"LIVING WAGE" -- A level of compensation that allows an individual to support him/herself and his/her family at a decent standard of living, given the local area's cost-of-living (COL).
As of May 1, 2000, 48 municipalities have enacted a living wage city ordinance. Among these are Denver, Chicago, Boston, and Los Angeles.
First among the 48 to enact a living wage ordinance was Des Moines, Iowa in 1988. Second to follow, in 1991, was Gary, Indiana. Next came Baltimore, Maryland in 1994. In 1995, two more cities followed suit. By 1996, the idea began to catch on and five cities enacted ordinances. In 1997, eight cities joined the band wagon. In 1998, ten more cities were added to the list. By 1999, sixteen cities did "the right thing." And in the first four months of 2000, five more municipalities signed on the dotted line.
The highest paying municipality is Kankakee, Illinois, offering a minimum wage of $11.42 per hour. San Jose, California pays a minimum wage of $10.75 per hour.

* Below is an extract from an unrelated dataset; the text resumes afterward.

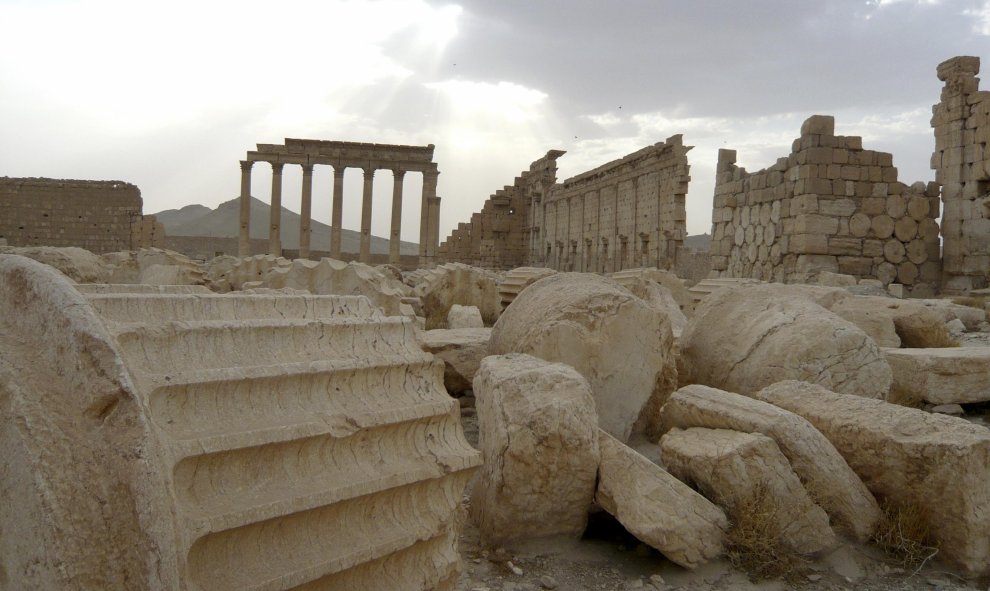 Fotografía de 2010, del Templo de Bel en Palmira (Siria). REUTERS/Sandra Auger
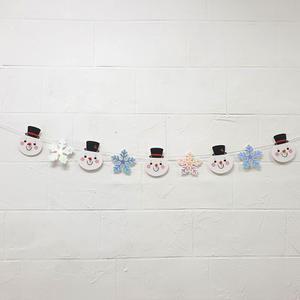 크리스마스당근코눈사람가랜드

Living wage ordinances require that all companies engaged in business transactions with the municipality pay their employees no less than the minimum wage paid by the municipality.
It is clear that this grass-roots movement is building momentum. The question is, how long will it be before we see the first state or federal law to mandate living wage standards?
In the meantime, companies in the private sector (who don't do business with the municipalities in question) are free to act as their values and ability to pay dictates.